I was hoping to use convolution_3 in both dimensions, but the triple zip has to be there in the middle.

Of course the kernel size (3) is very much hard-coded here but it might be possible to make it a parameter, with more loops.

I think my point here is: do use iterators and iterator combinators, but it doesn’t have to be everything in a single expression. For example don’t hesitate to write a function and call it twice instead of using Iterator::chain.

As expected, external iterators compose better than internal ones.

(Again, this builds but I haven’t tried it.)

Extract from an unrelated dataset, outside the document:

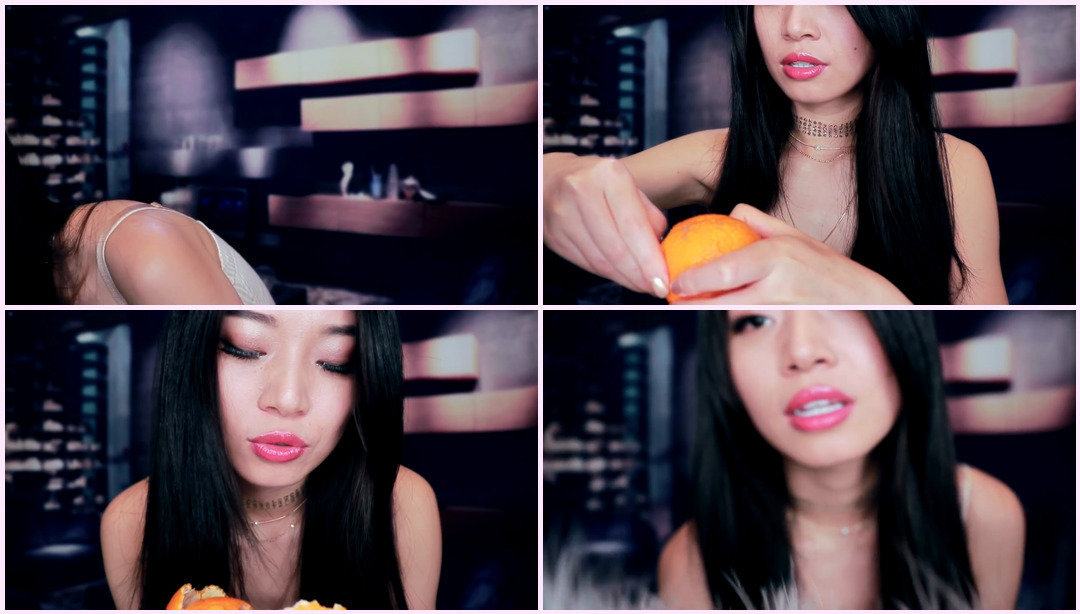 [ASMR] 派对后照顾你 国外热门 ASMR视频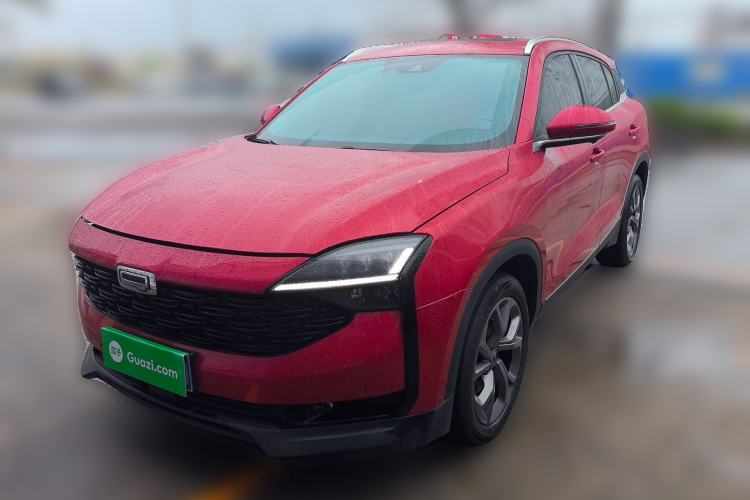 Used Qoros 7 2020 1.8T Cruise Luxury Model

struct Convolution3<'a, T: 'a> {
    slice: &'a [T],
    state: Convolution3State<'a, T>,
}

enum Convolution3State<'a, T: 'a> {
    BeforeFirst,
    Middle(::std::slice::Windows<'a, T>),
    Done,
}

impl<'a, T: Copy> Convolution3<'a, T> {
    fn new(slice: &'a [T]) -> Self {
        Convolution3 {
            slice: slice,
            state: Convolution3State::BeforeFirst,
        }
    }
}


impl<'a, T: Copy> Iterator for Convolution3<'a, T> {
    type Item = [T; 3];

    fn next(&mut self) -> Option<Self::Item> {
        match self.state {
            Convolution3State::BeforeFirst => {
                self.state = Convolution3State::Middle(self.slice.windows(3));
                return Some([self.slice[0], self.slice[0], self.slice[1]])
            }
            Convolution3State::Middle(ref mut windows) => {
                if let Some(window) = windows.next() {
                    return Some([window[0], window[1], window[2]])
                }
            }
            Convolution3State::Done => return None
        }
        // windows.next() returned None
        self.state = Convolution3State::Done;

        let last = self.slice.len() - 1;
        Some([self.slice[last - 1], self.slice[last - 1], self.slice[last]])
    }
}


pub fn blur(input: &[&[u32]], output: &mut [&mut [u32]]) {
    for (in_rows, out_row) in Convolution3::new(input).zip(output) {
        for (((r0, r1), r2), out) in
            Convolution3::new(in_rows[0])
            .zip(Convolution3::new(in_rows[1]))
            .zip(Convolution3::new(in_rows[2]))
            .zip(&mut **out_row)
        {
            *out = r0[0] + r0[1] + r0[2] +
                   r1[0] + r1[1] + r1[2] +
                   r2[0] + r2[1] + r2[2];
        }
    }
}

Yeah, I’m cheating here by Copying T values. Luckily both &[_] and u32 are Copy, so it works out in this example.